• **DATA IN THIS EXERCISE**:
^^^^^^^^^^^^^^^^

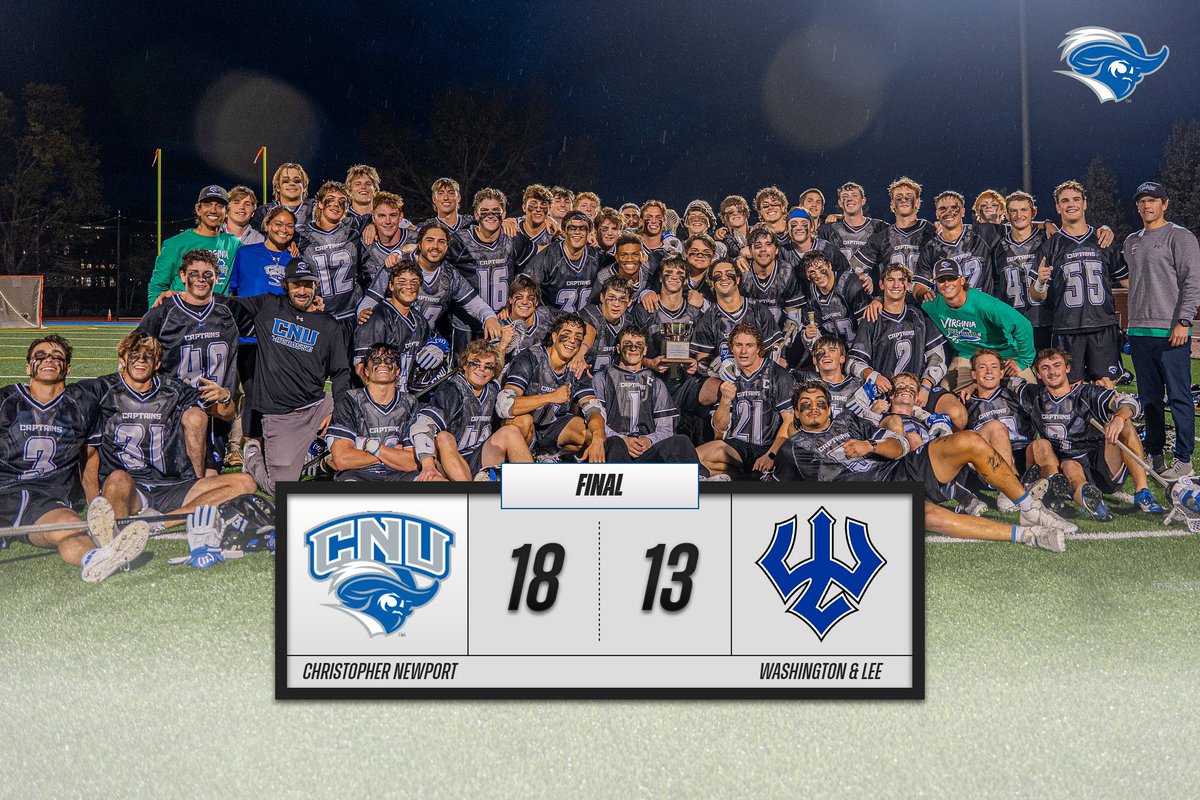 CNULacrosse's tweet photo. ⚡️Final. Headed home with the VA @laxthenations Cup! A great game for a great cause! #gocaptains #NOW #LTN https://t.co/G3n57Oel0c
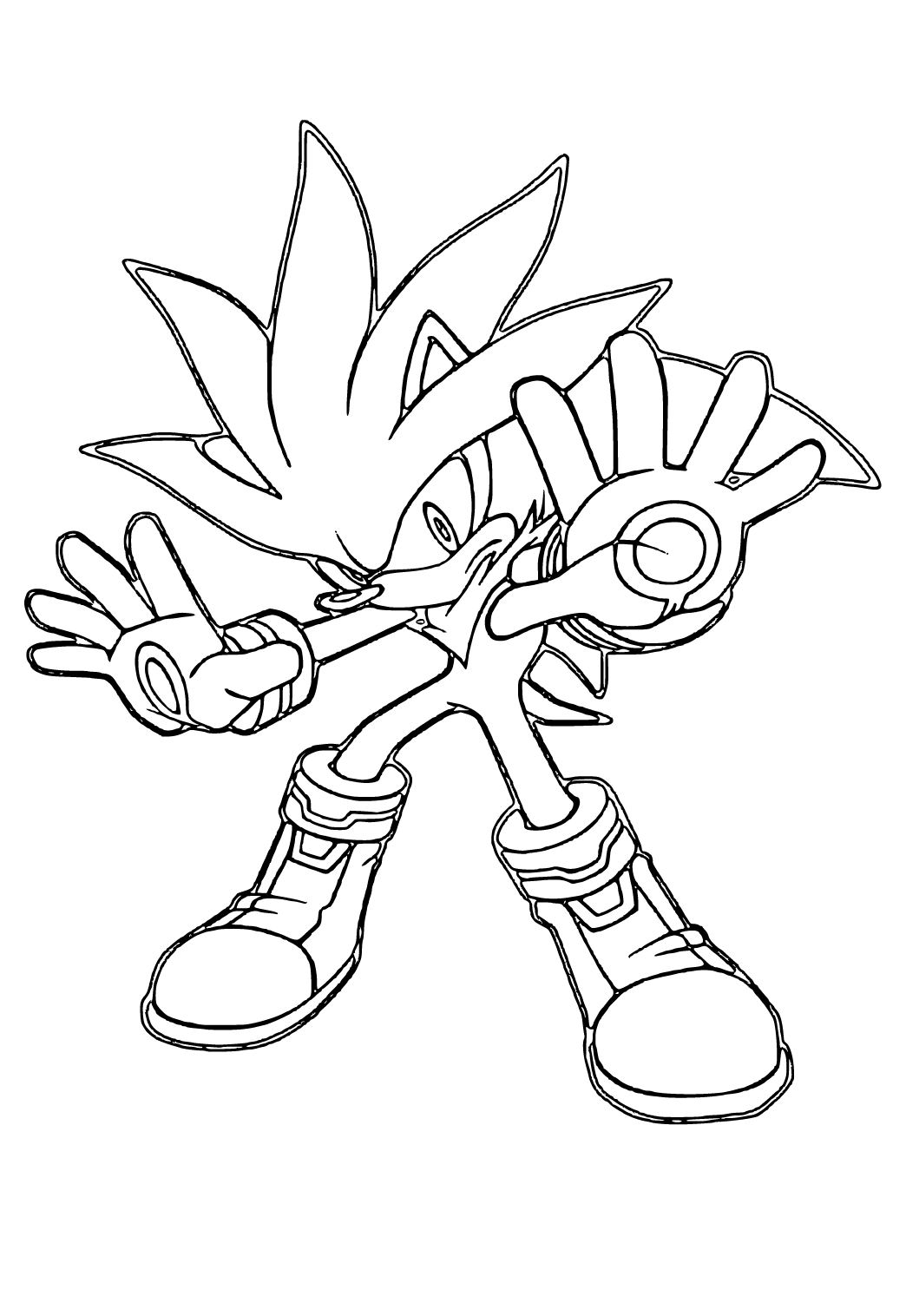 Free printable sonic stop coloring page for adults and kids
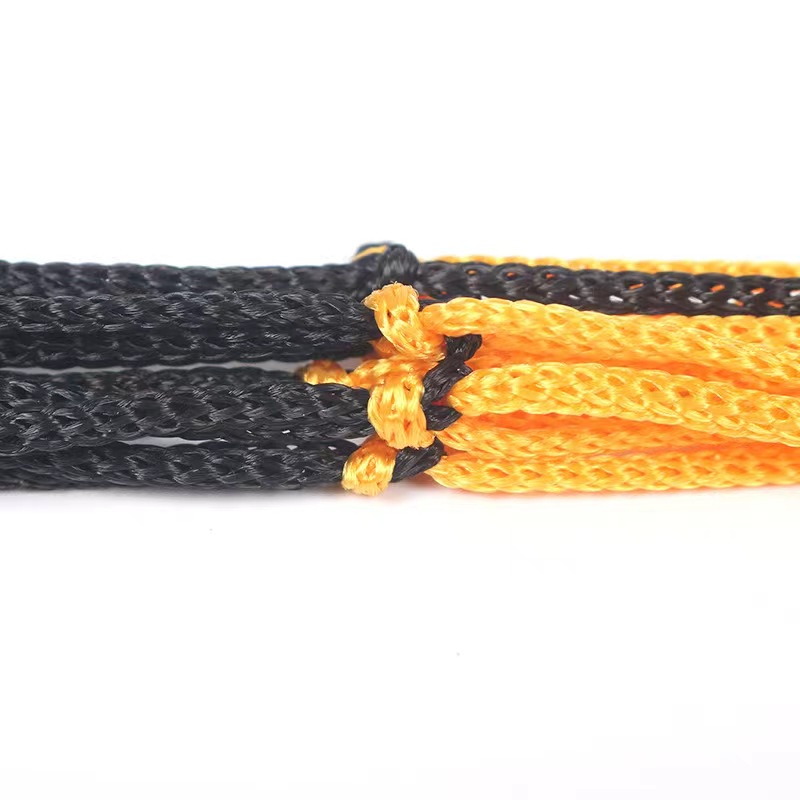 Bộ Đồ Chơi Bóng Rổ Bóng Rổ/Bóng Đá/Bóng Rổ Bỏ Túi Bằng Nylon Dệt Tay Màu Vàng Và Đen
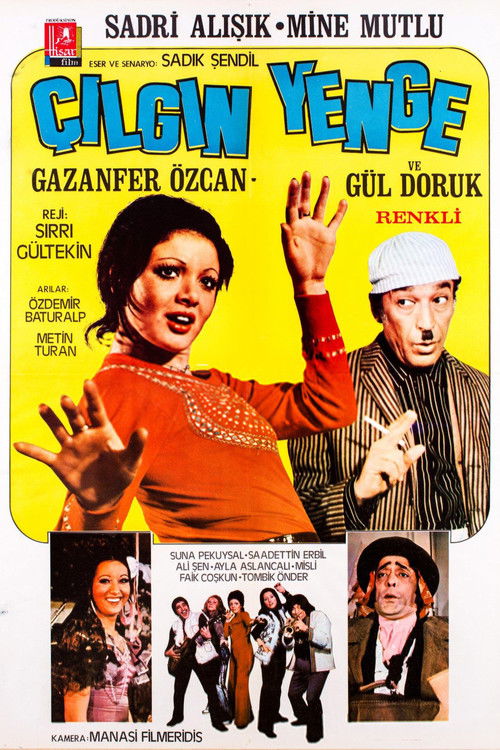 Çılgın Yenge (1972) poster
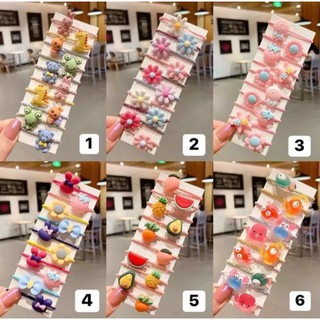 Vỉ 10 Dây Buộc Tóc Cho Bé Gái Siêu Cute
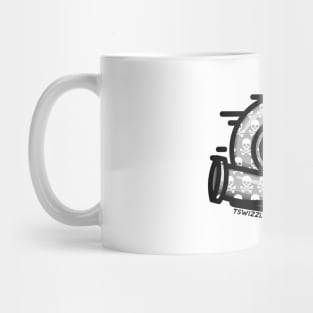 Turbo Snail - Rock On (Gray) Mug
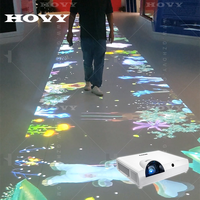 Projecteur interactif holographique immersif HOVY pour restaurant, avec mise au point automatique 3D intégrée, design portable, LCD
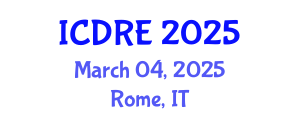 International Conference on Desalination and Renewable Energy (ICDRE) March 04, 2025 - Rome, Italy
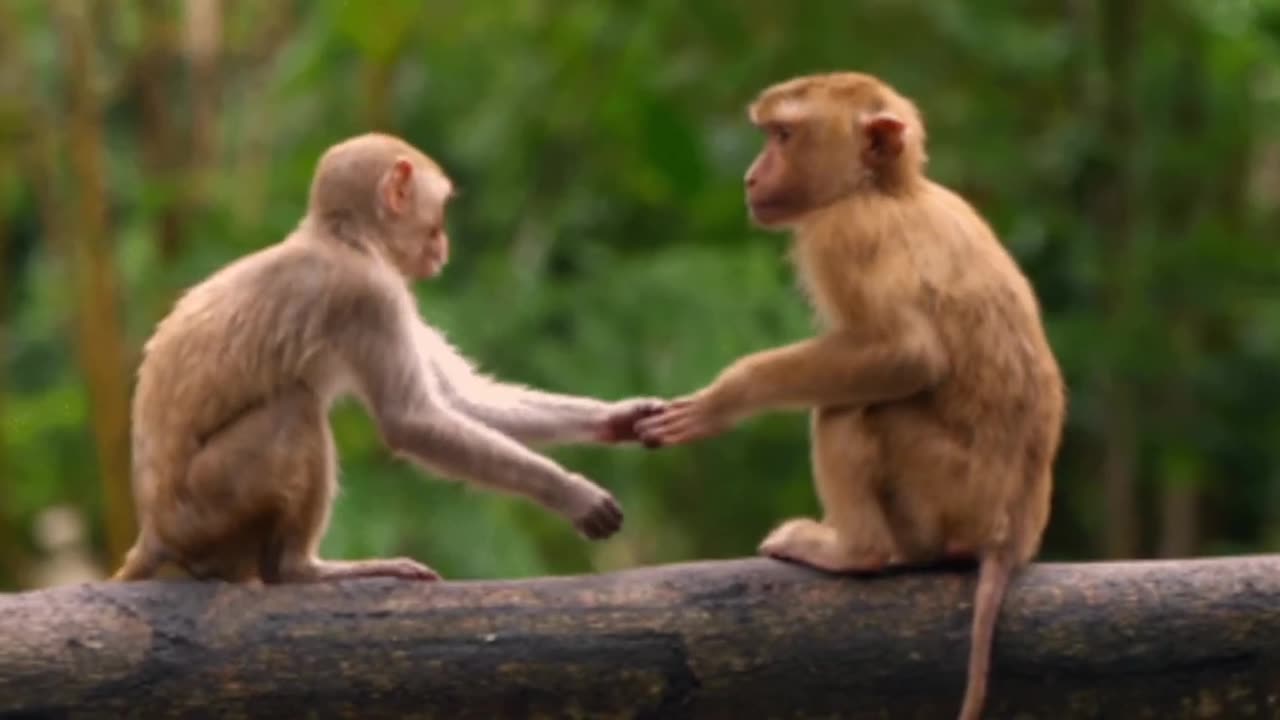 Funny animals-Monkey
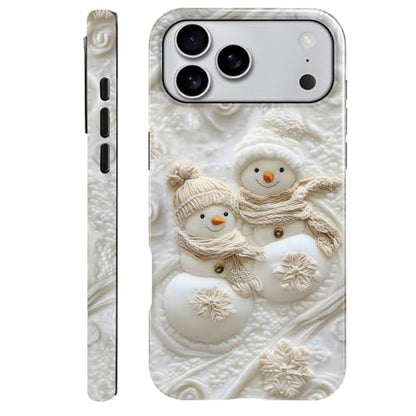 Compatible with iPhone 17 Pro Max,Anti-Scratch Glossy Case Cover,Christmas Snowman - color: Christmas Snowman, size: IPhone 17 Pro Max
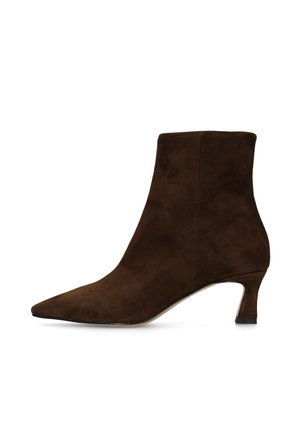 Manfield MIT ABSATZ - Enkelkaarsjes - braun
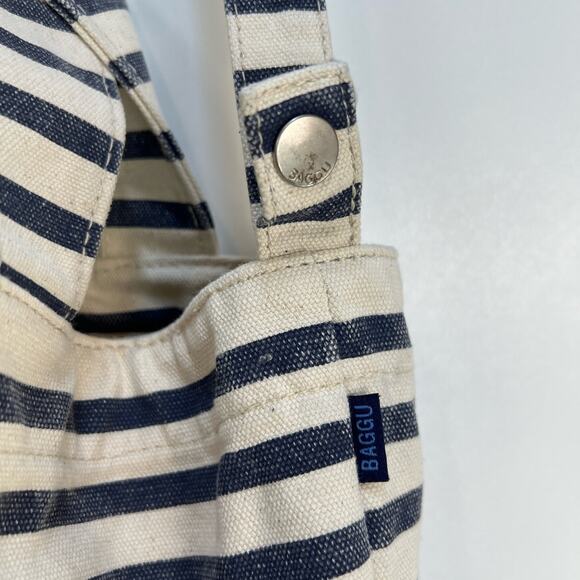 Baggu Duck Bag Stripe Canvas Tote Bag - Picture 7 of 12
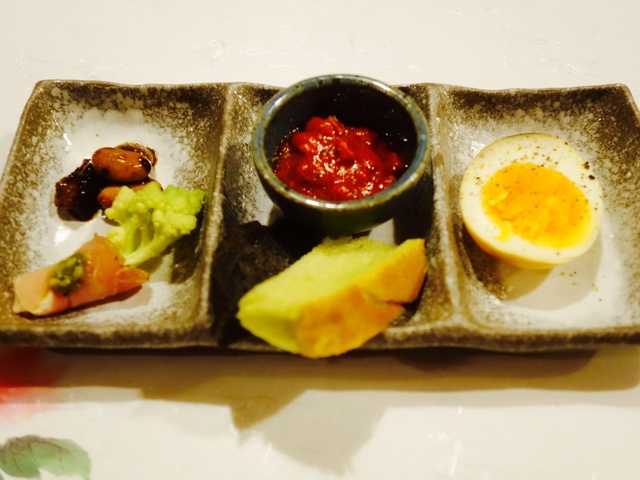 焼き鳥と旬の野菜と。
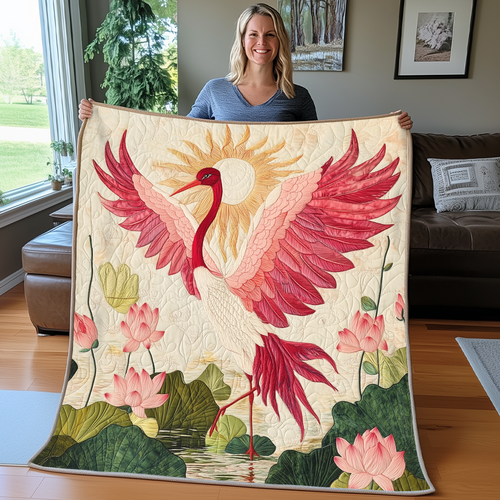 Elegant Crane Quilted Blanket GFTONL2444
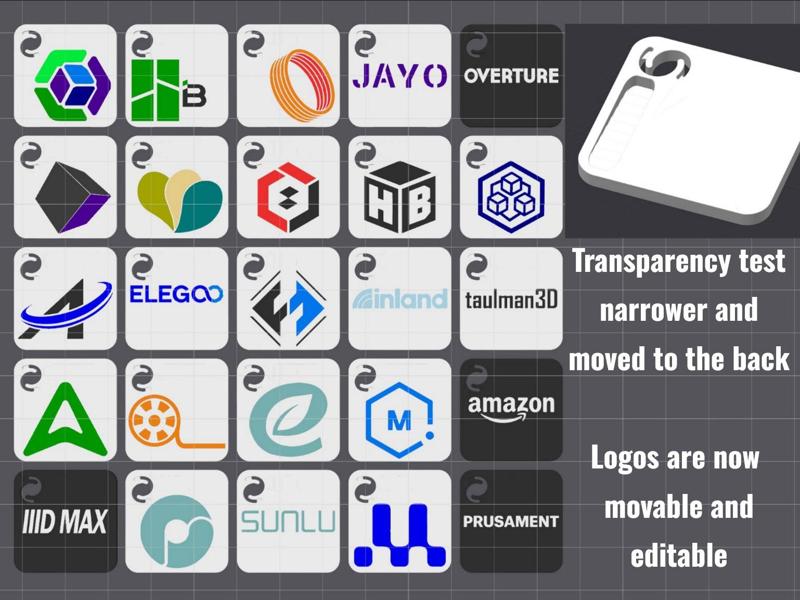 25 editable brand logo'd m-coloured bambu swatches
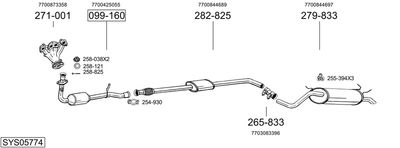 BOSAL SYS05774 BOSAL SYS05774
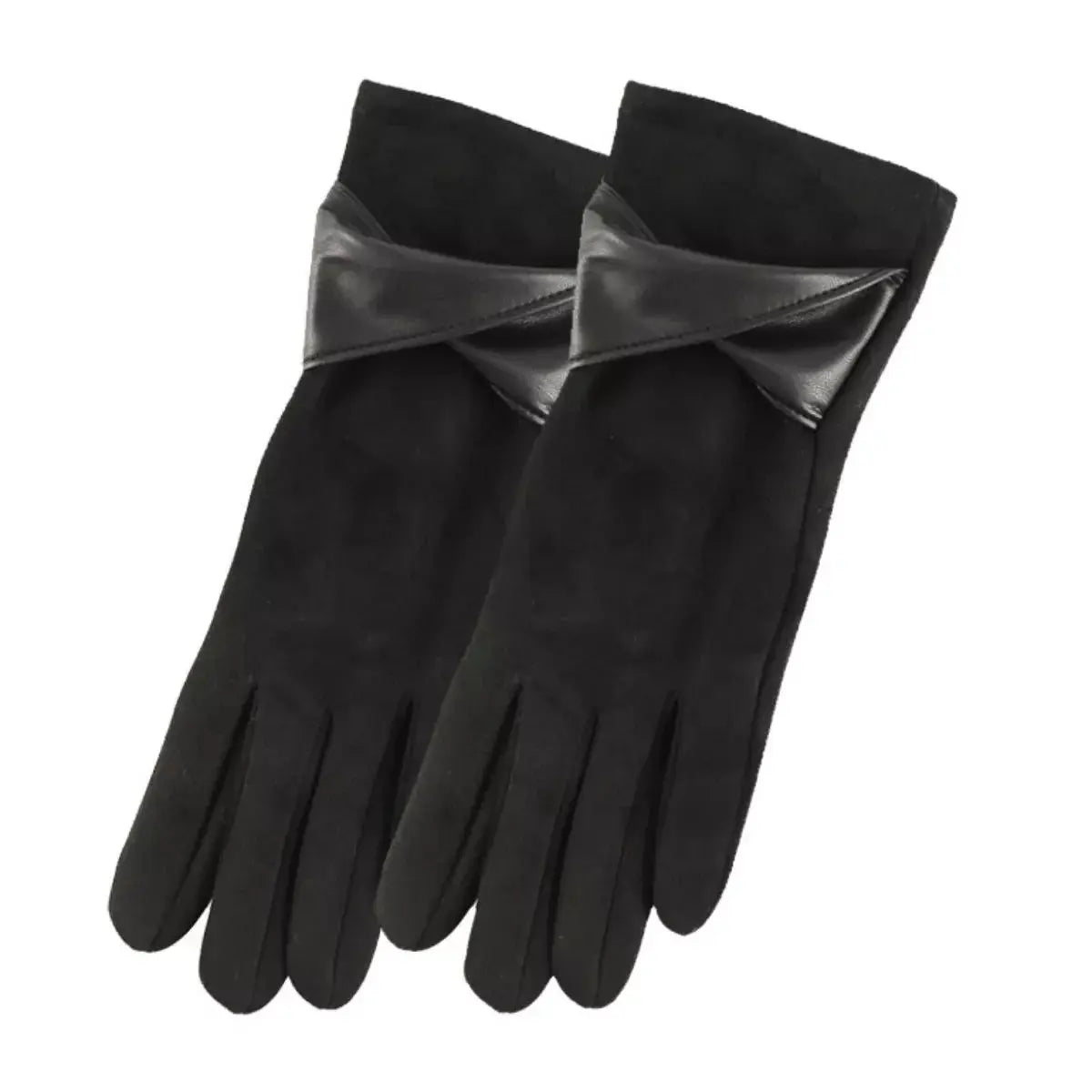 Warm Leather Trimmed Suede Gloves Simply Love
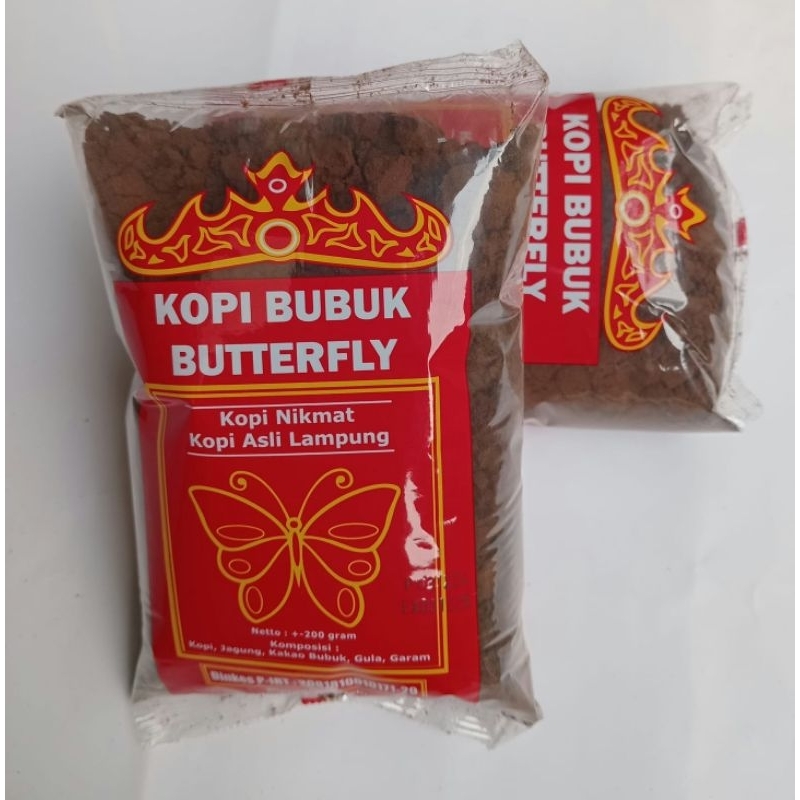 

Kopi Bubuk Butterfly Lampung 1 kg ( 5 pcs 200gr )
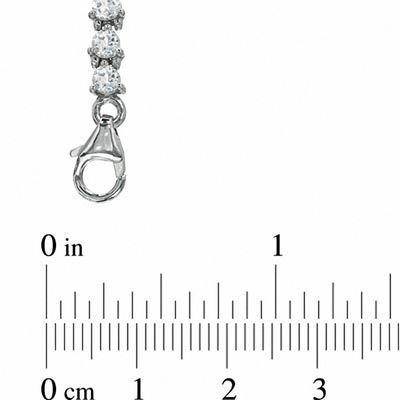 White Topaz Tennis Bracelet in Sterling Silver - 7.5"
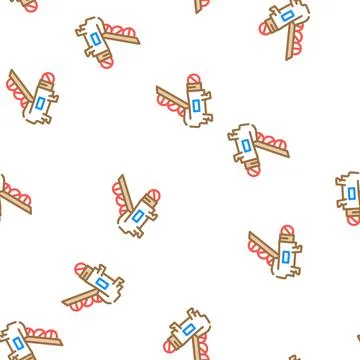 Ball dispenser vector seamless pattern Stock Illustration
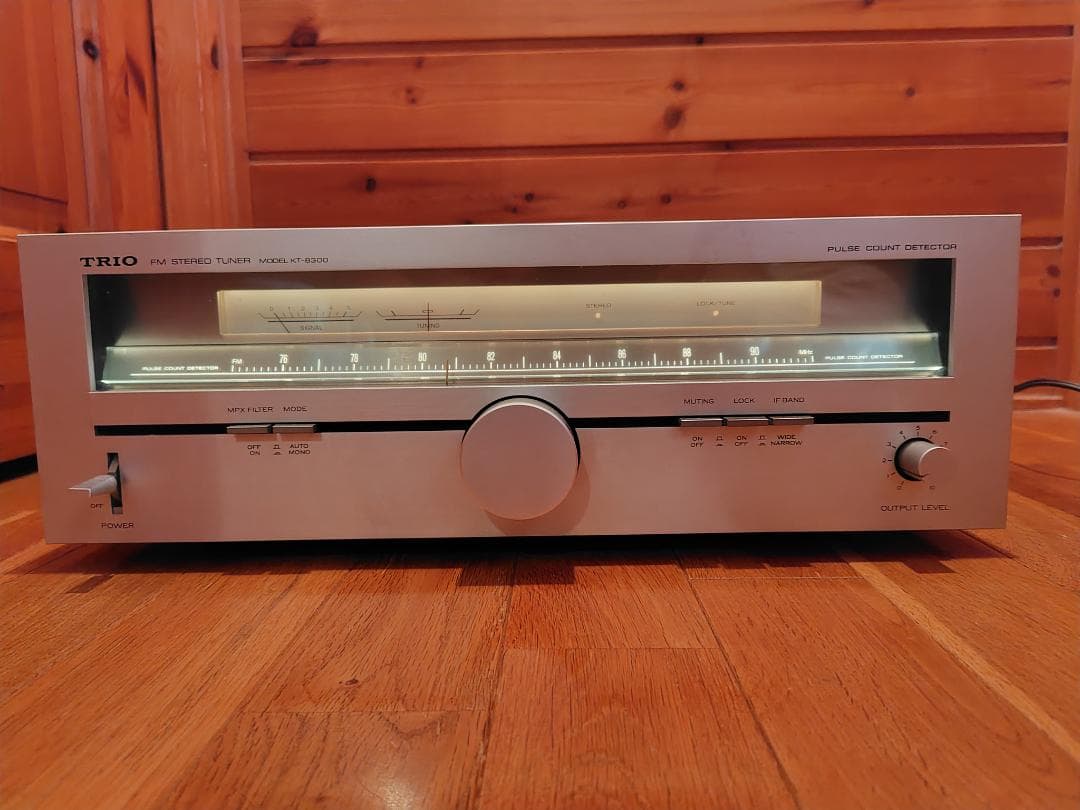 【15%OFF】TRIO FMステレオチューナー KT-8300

^^^^^^^^^^^^^^^^

Reproduce the whole listing word for word, setting aside any pictures.

 CNULacrosse's tweet photo. ⚡️Final. Headed home with the VA @laxthenations Cup! A great game for a great cause! #gocaptains #NOW #LTN https://t.co/G3n57Oel0c
 Free printable sonic stop coloring page for adults and kids
 Bộ Đồ Chơi Bóng Rổ Bóng Rổ/Bóng Đá/Bóng Rổ Bỏ Túi Bằng Nylon Dệt Tay Màu Vàng Và Đen
 Çılgın Yenge (1972) poster
 Vỉ 10 Dây Buộc Tóc Cho Bé Gái Siêu Cute
 Turbo Snail - Rock On (Gray) Mug
 Projecteur interactif holographique immersif HOVY pour restaurant, avec mise au point automatique 3D intégrée, design portable, LCD
 International Conference on Desalination and Renewable Energy (ICDRE) March 04, 2025 - Rome, Italy
 Funny animals-Monkey
 Compatible with iPhone 17 Pro Max,Anti-Scratch Glossy Case Cover,Christmas Snowman - color: Christmas Snowman, size: IPhone 17 Pro Max
 Manfield MIT ABSATZ - Enkelkaarsjes - braun
 Baggu Duck Bag Stripe Canvas Tote Bag - Picture 7 of 12
 焼き鳥と旬の野菜と。
 Elegant Crane Quilted Blanket GFTONL2444
 25 editable brand logo'd m-coloured bambu swatches
 BOSAL SYS05774 BOSAL SYS05774
 Warm Leather Trimmed Suede Gloves Simply Love

Kopi Bubuk Butterfly Lampung 1 kg ( 5 pcs 200gr )
 White Topaz Tennis Bracelet in Sterling Silver - 7.5"
 Ball dispenser vector seamless pattern Stock Illustration
 【15%OFF】TRIO FMステレオチューナー KT-8300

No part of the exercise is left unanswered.